(Captioned web image data)
★ ★ ★

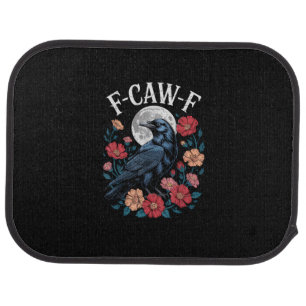 F-Caw-F Crow Gothic Raven Caw Caw For Halloween Car Floor Mat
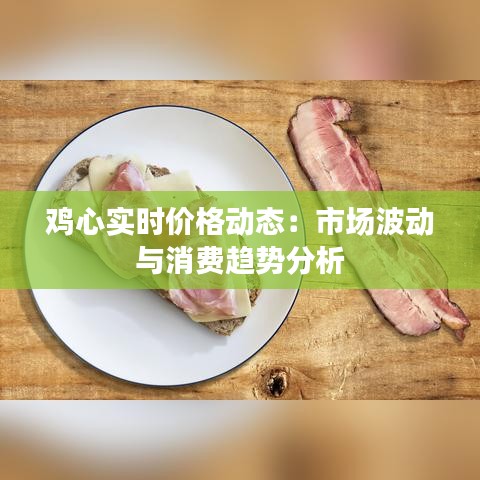 鸡心实时价格动态：市场波动与消费趋势分析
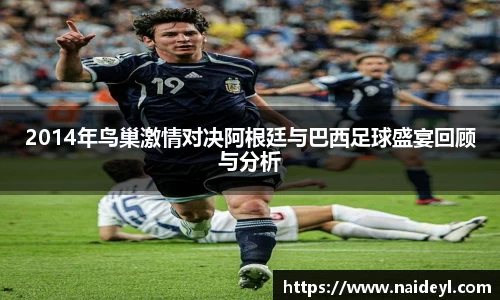 2014年鸟巢激情对决阿根廷与巴西足球盛宴回顾与分析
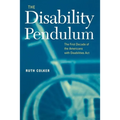 The Disability Pendulum: The First Decade of the Americans with Disabilities Act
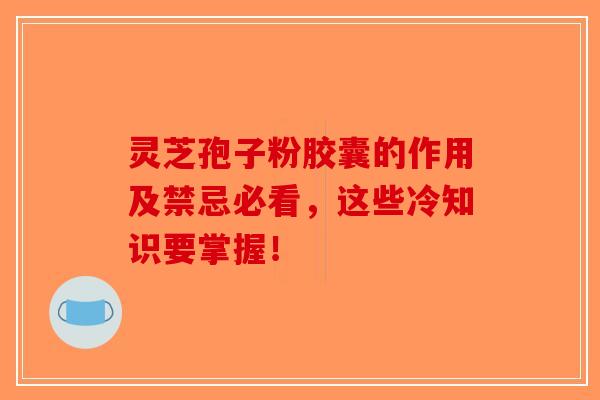 灵芝孢子粉胶囊的作用及禁忌必看,这些冷知识要掌握! 灵芝孢子粉胶囊的作用及禁忌必看,这些冷知识要掌握!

★ ★ ★

- [Task directions]:
What you write must match, line for line, the records from the line containing "鸡心实时价格动态：市场波动与消费趋势分析" through the last line, with every picture left out.

- [Response]:
 鸡心实时价格动态：市场波动与消费趋势分析
 2014年鸟巢激情对决阿根廷与巴西足球盛宴回顾与分析
 The Disability Pendulum: The First Decade of the Americans with Disabilities Act
 灵芝孢子粉胶囊的作用及禁忌必看,这些冷知识要掌握! 灵芝孢子粉胶囊的作用及禁忌必看,这些冷知识要掌握!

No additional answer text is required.